Family-owned practice? How to navigate potentially harmful feuds
Parents typically love it when their children follow in their footsteps and take over a family business.
It's a phenomenon that may be rare in most professions, but it frequently happens in the independent retail financial advice space. That's because career spans can be unusually long, with younger generations often having time to build expertise. At the same time, older industry veterans are afforded the opportunity to retire gracefully and on their own terms.
When family-owned independent adviser practices can successfully leverage this dynamic, it not only engenders enormous pride among parents but it often produces a culture that drives more growth, better efficiencies and a happier workplace.
But when the synergies don’t line up well, the fallout can be painful, both on a personal and professional level.
LACK OF COMMUNICATION LEADS TO PROBLEMS
Usually, problems in family-owned independent practices come about due to a lack of communication between the two generations. This can manifest in any number of ways. There may be a professional disagreement between parent and child over the practice's client service model or growth strategy.
Or the conflict can have more personal roots, such as a child feeling he or she was forced to join the business despite a lack of interest, or believing that the adviser-owner has been harder on the child than on ordinary employees.
Whatever the cause, these sorts of disagreements can spiral out of control quickly, creating the potential to eventually cause irreparable harm to both familial and client relationships.
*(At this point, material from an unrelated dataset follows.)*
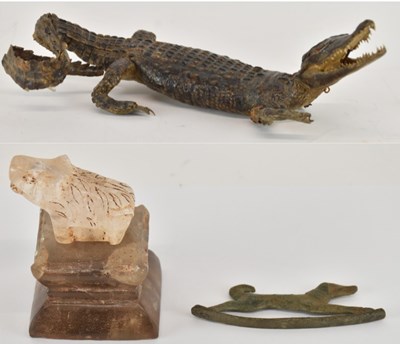 Lot 557 - An ancient bronze figure of a dog, on rounded...
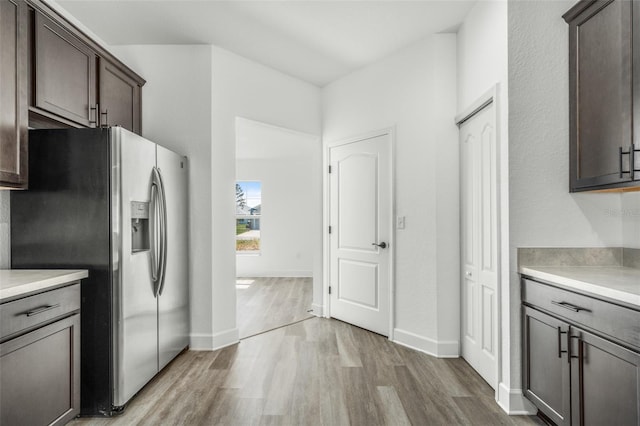 kitchen with stainless steel fridge, dark brown cabinetry, and light hardwood / wood-style floors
At a special break-out session at the annual National Conference for Triad Advisors, held in Austin, Texas, in early September, a panel of senior broker-dealer executives, practice management experts and successful advisers discussed the following key steps that can help prevent family conflicts from getting out of hand in family-owned independent FA practices:
LET THE YOUNGER GENERATION LEAVE THE NEST FIRST
Perhaps the best way to prevent family squabbles in the workplace is to avoid having children join the firm at all — at least initially.
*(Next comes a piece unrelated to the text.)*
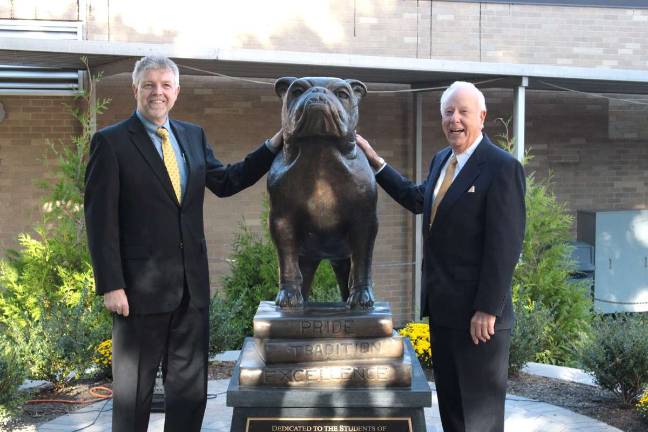 Butler High School Principal Martin Wall, stands with Bob Nicholson, 1945 BHS Alumni, next to the bronze bulldog at the dedication ceremony in October.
When a son or daughter joins a parents advisory practice, the transition can be tough, but it doesnt have to be.March 28
Indeed, gaining a vast array of professional experience can be healthy for newly minted college graduates. Young people should consider working for one or two companies where no family member will be, before joining the family business. The children will gain a healthy respect for the dog-eat-dog nature of doing business in the real world, while gaining credible work experience that will enhance their performance and signal to non-family employees that this is not a nepotism play once they decide to join the family practice.
Alternatively, initial professional experience away from the family practice may encourage them to gravitate to a different field altogether, in which case your practice will be stronger by not having reluctant employees who lack true passion or interest for the business.
CREATE A GUIDING DOCUMENT
As children begin to enter the family business, the older generation of leaders should consider creating a guiding document to clarify expectations.
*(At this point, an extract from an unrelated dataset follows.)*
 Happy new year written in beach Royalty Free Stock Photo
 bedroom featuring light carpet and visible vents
Such a document should outline what each professional will bring to the business; what their day-to-day responsibilities will be; the boundaries that exist between work and family, as well as those that exist between work and personal life; and the overarching goals the business is working to achieve. Ideally, this guiding document should reflect the input of all relevant family and firm members. From there, it can be used as a reference to patch up differences if and when they come to the forefront.
GET A MEDIATOR
Even the best guiding documents won’t prevent all intra-firm clashes. Over time, personal and professional goals tend to shift, personalities evolve and viewpoints can change. All these changes alter the landscape in some way, which could lead to complications, misunderstandings and, ultimately, more inextricable problems.
Before this is allowed to happen, get a mediator. Of course, all mediators should be impartial and neutral, but given the circumstances they should also be personally or professionally close enough to the family to command its trust and respect, while being able to deliver a clear view of the firm’s business. In many instances, family practices in need of a mediator have turned to trusted referral partners, such as estate attorneys or CPAs with whom the practice has done extensive work in the past. In extreme cases, however, a professional mediator may be required.
SEGMENT THE PRACTICE
Family members need to understand that a complete fissure in the practice - where the break up is publicly visible and legally formal — is the worst case scenario.
If a practice splits, the senior members will have to draw up an entirely new succession plan, which could harm clients and take years to implement. More junior members, meanwhile, may have neither the experience nor the resources to make it on their own. Moreover, the optics would be terrible, introducing the risk that the practice's clients will wonder how family dynamics could become so dysfunctional, and questioning whether they believe a family that cannot get along in business should be entirely trusted with their most confidential financial needs.
When all else fails, and nobody will capitulate, segmentation is an excellent way to minimize further conflicts. Establish a formal carve-out business for the younger members of the family that is owned by the existing practice, but potentially has its own brand, key areas of expertise and targeted client base.
The segmentation can be discussed with clients and friends of the practice as a rational expansion of the business. It’s the not the best solution, but at least the business will survive without fueling any negative speculation by clients and friends of the firm.
Being in business with a loved one can be rewarding, especially if it’s a child. But it can also be nearly intolerable, not to mention heartbreaking, if things turn south. Remember, unity in disagreement is far better than a practice fracturing entirely.
That means there will be many instances where the best move for everyone is to demonstrate a little humility: Swallow your pride, find a middle ground and keep everyone at the table for Thanksgiving.